Erasure code recovery in O(n*log^2(n)) time
Let d[0] ... d[2^k - 1] be your data, substituting all unknown points with 0. Let Z_{r, S} be the minimal polynomial that evaluates to 0 at all points r^k for k \in S. Let E(x) (think E = error) be the polynomial that evaluates to your data with erasures (ie. E(r^i) = d[i]), and let P(x) be the polynomial that evaluates to original data. Let I be the set of indices representing the missing points.
First of all, note that D * Z_{r,I} = E * Z_{r,I}. This is because D and E agree on all points outside of I, and Z_{r,I} forces the evaluation on points inside I to zero. Hence, by computing d[i] * Z_{r,I}(r^i) = (E * Z_{r,I})(r^i), and interpolating E * Z_{r,I}, we get D * Z_{r,I}.
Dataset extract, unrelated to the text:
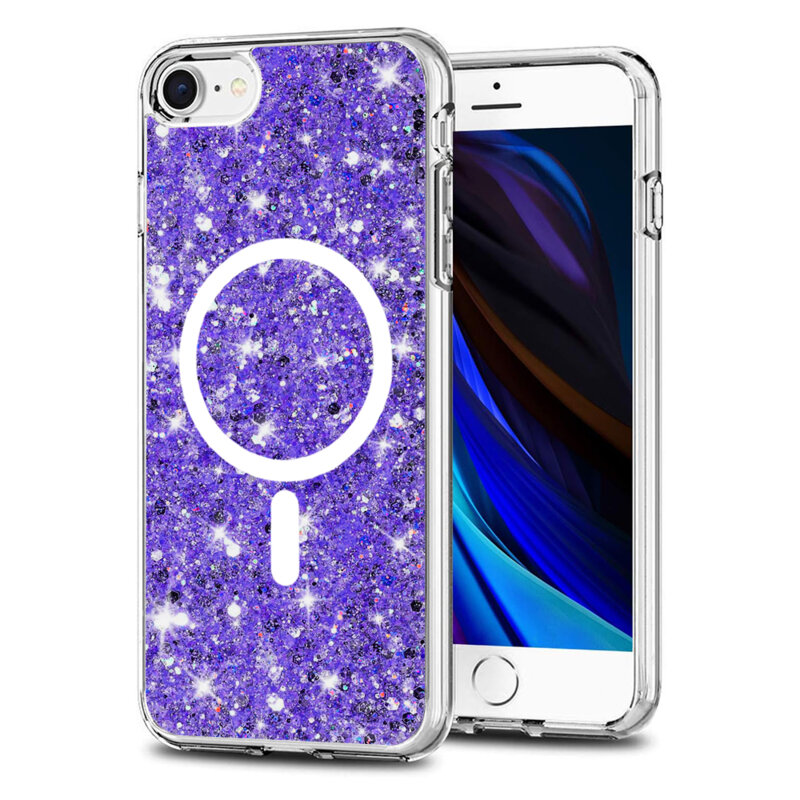 Husa cu sclipici iPhone SE 3, SE 2022 Techsuit Sparkly Glitter MagSafe, mov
Now, how do we extract D? Just evaluating pointwise and dividing won’t work, as we already know that at least for some points (in fact, the points we’re trying to recover!) (D * Z_{r,I})(x) = Z_{r,I}(x) = 0, and we won’t know what to put in place of 0 / 0. Instead, we do a trick: we generate a random k, and compute Q1(x) = (D * Z_{r,I})(k * x) (this can be done by multiplying the ith coefficient by k^{-i}). We also compute Q2(x) = Z_I(k * x) in the same way. Now, we compute Q3 = Q1 / Q2 (note: Q3(x) = D(k * x)), and then from there we multiply the ith coefficient by k^i to get back D(x), and evaluate D(x) to get the missing points.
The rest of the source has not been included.